Verslag plenaire vergadering
Verslag
De heer Keulen heeft het woord.
Minister, bomen doden geen mensen. Er bestaan eigenlijk geen gevaarlijke bomen. Dat weet u beter dan wie ook. Negen van de tien ongevallen in het verkeer hebben te maken met menselijk falen. We zijn ondertussen gekomen tot 320 doden per jaar, en dat zijn er, laat dat duidelijk zijn, 320 te veel, maar we zijn op de goede weg.
Als er iets moet gebeuren om de verkeersveiligheid te verhogen en te verbeteren, dan moeten we op de eerste plaats zorgen dat mensen via verkeerseducatie beseffen dat een heer of een dame zijn in het verkeer een opdracht is voor ons allemaal. Daarnaast moeten we ook de pakkans vergroten. Afgelopen vrijdag was al dagenlang aangekondigd dat er een grote controle zou zijn op drinken achter het stuur, en uiteindelijk loopt zelfs een politiecommissaris in Oost-Vlaanderen tegen de lamp. Dat geeft aan dat mensen beseffen dat als ze de regels in het verkeer aan hun laars lappen, de kans op betrapping en sanctionering feitelijk nihil is.

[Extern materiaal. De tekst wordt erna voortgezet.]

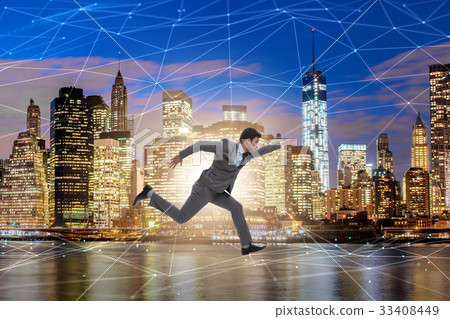 Businessman running in internet of things concept Businessman running in internet of things concept 33408449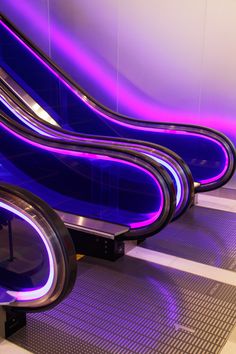 an escalator with purple and blue lights on the wall next to each other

Minister, daar moet u op inzetten. Voor Open Vld mogen bomen, ook dikke bomen, nog altijd langs de wegen worden geplant. Mijn vraag aan u is niet of u gevaarlijke bomen kent, maar wel: is dat nu een beslissing van u of is dit louter een aankondiging?
Minister Weyts heeft het woord.
Ik betreur wel een beetje de heisa die hierrond is ontstaan, maar dat wil ongetwijfeld ook zeggen dat de communicatie op basis van een schriftelijk antwoord, die in de formulering wellicht beter had gekund, ineens een cascade aan reacties heeft teweeggebracht,.

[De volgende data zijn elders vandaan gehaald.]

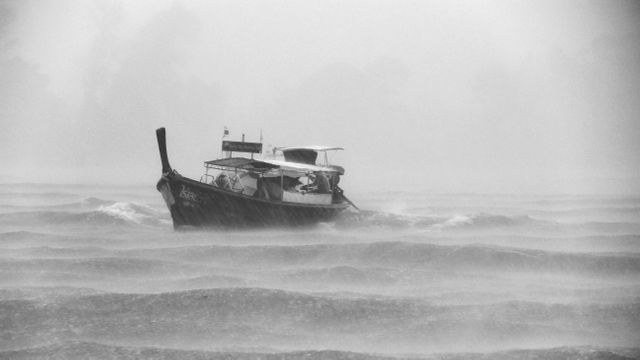 Black Boat Sailing While Raining - Download Free Stock Photos Pikwizard.com
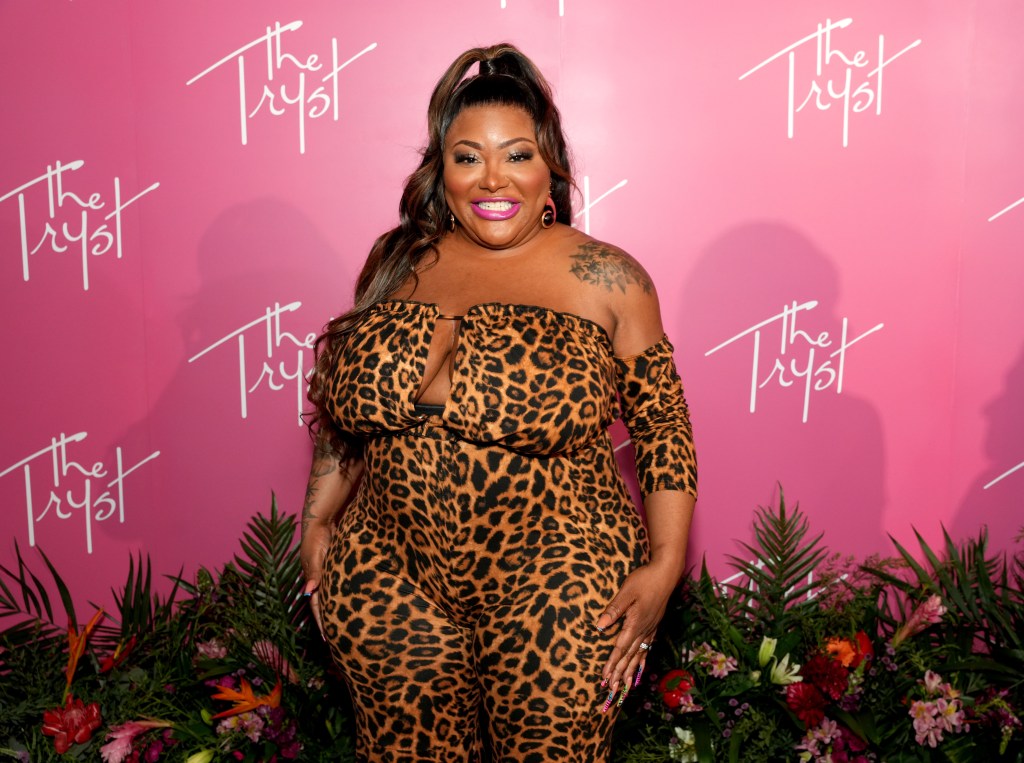 Ts Madison in a leopard print jumpsuit at the opening of The Tryst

Voor alle duidelijkheid, dit gaat niet om nieuwe regelgeving. Dit zit reeds vervat in een omzendbrief van de eerste helft van 2014. Dat is dus niks nieuws. Ik verdedig resoluut wat daarin staat.
Als we wegen aanleggen, letten we op de leesbaarheid zodat de bestuurder gemakkelijk de weg kan lezen in functie van de preventie van ongevallen. We maken ook vergevingsgezinde wegen. Mensen maken fouten, daar wijst u terecht op. Wanneer mensen tegen een boom of een ander obstakel aan rijden, dan is dat niet altijd omdat ze roekeloos waren of wat ook. Ik kan ook niet zeggen: eigen schuld, dikke bult. Het gebeurt dikwijls op basis van een menselijke fout. Vandaar dat we in de regelgeving hebben gepland, net om de impact van ongevallen te beperken, om een veiligheidsstrook te hebben langs de weg, afhankelijk van het snelheidsregime. Gaat het bijvoorbeeld over een weg waar maximaal 70 kilometer per uur geldt, dan hanteren we daar een veiligheidsstrook van 3 meter naast de weg. In die strook planten we enkel kleine begroeiing aan als het gaat over de aanleg van nieuwe wegen. Aan de bestaande wegen verandert er dus niks. Enkel als we nieuwe aanplantingen moeten doen, of nieuwe wegen installeren, nemen we een veiligheidsperimeter van 3 meter.
Als je dus een menselijke fout of een stuurfout maakt, kun je die nog corrigeren. In die strook komt dus enkel dunne begroeiing. Daarbuiten mogen dikke bomen, absoluut. We gaan die zelf ook aanplanten. Dat is net de bedoeling.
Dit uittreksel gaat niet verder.